Crossno, who goes by the Twitter handle William N. Finley IV was interviewed by countless media outlets about his time on Great Exuma, documenting the disastrous festival and the long, frustrating effort to escape the island and return to Miami. Crossno is now suing the festival’s organizers, including rapper Ja Rule, CEO Billy McFarland and self-proclaimed marketing genius Grant Margolin, accusing the men of a litany of charges including fraud, misrepresentation and breach of contract.

Filed in Wake County Court in North Carolina, Crossno’s attorney William Stacy Miller laid out the case against Fyre in a 46-page complaint, seeking $25,000 for Crossno and fellow plaintiff and friend Mark Thompson.

According to the suit, Thompson and Crossno were promised a private chartered flight but that was downgraded to a Boeing 737 with the promise of “upgraded lodge accommodations, a VIP experience and artist passes for the weekend.” The lodge the men were promised was “advertised as a residence consisting of four rooms and a living area.” Below is a mockup of the villa touted by Fyre.

“When (Crossno and Thompson) arrived to the site, they were shocked to find that, instead of the luxury experience that was advertised, they were greeted with a disastrous and barren area where workers were scrambling to set up the most basic infrastructure,” the filing reads.
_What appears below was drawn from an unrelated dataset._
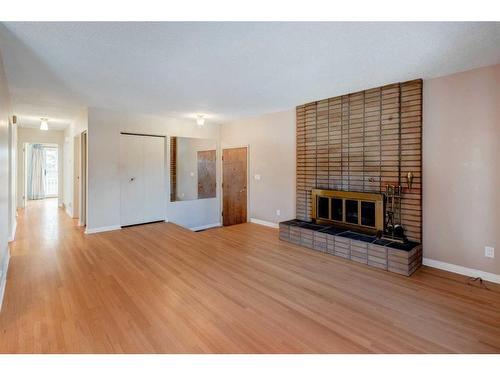 3107 Leduc Crescent Sw, Calgary, AB - Indoor Photo Showing Living Room With Fireplace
There was “no security in place and minimal amounts of Fyre Festival workers were available to provide direction or information.”

Thompson and Crossno eventually left the festival site after spending the entire night and morning at the Georgetown Airport, where they were stuck for hours. After getting on and off several planes — there was mass confusion over the flight’s passenger manifest — Crossno eventually boarded a flight and returned home.

In an April interview in Billboard, he said he thought the event was poorly organized but never thought it was an outright scam.

“That implies there was some intent to defraud,” Crossno said. “I honestly think it’s a mix of total incompetence and the people putting it on really sucking at their jobs.”